This exhibition, curated by Yvonne Force, brings together a group of contemporary artists who explore the complexity and resonance of a long association between the natural world, sexuality and fertility, and spirituality and mysticism. Force’s understanding of the artistic practice as akin to witchcraft—resonant with ideas of creation in both the divine and horticultural senses—informs the curation of works that span landscape, figuration, symbolism and abstraction.
Presenting 29 artists (29 years is the length of Saturn’s orbit around the sun) and inspired by the modernized expression “Oh my Goddess!,” the exhibition is playfully engaged with both traditional and nontraditional deific archetypes: the mystic, the warrior, the sage, the lover, the maiden, and the matriarch. Loaded with surrealism, symbolism and humor, they also act to lend credence to the ongoing significance of figurative painting and sculpture. In bringing together several generations of women working internationally, Force's "Seed" simultaneously illustrates the continued vitality of contemporary studio practice.
Participating artists include Theodora Allen, Morgan Blair, Sascha Braunig, Cecily Brown, Ginny Casey, Jessica Craig-Martin, Lacey Dorn, Rachel Feinstein, Vanessa German, Loie Hollowell, Shara Hughes, Baseera Khan, Sanam Khatibi, Kate Klingbeil, Hein Koh, Emily Marie Miller, Wangechi Mutu, Sophia Narrett, Katherina Olschbaur, Yoko Ono, Ebony G. Patterson, Sarah Peters, Ruby Sky Stiler, Claire Tabouret, Ambera Wellmann, Summer Wheat, Robin F. Williams, HieJin Yoo, Lisa Yuskavage, and Sarah Zapata.

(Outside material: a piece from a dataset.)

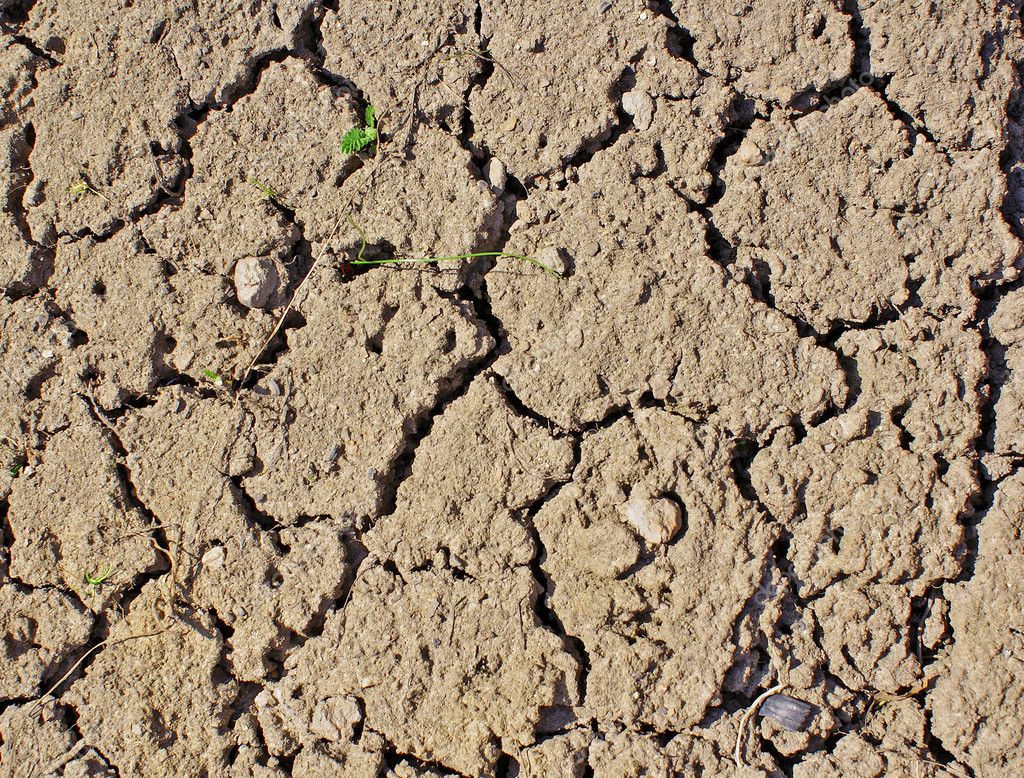 Dry Ground — Stock Photo © Alexkar08 #1152725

Lisa Yuskavage, strongly associated with the renewed interest in figurative painting, shows A No Man’s Land 2 - a wilderness filled with women and children - alongside a younger generation of painters whose astute observations of the strange form of the body are illuminated by Yuskavage. Ambera Wellmann’s entangled women’s torsos appear as almost ceramic on the canvas; Robin F. Williams’ In The Gutter is a wryly comic riposte to any concept of a ‘polite’ female body; Katharina Olschbaur’s keenly surrealist oil on canvas depicts a pair of poised, heeled legs emerging from the white bell of a flower’s head.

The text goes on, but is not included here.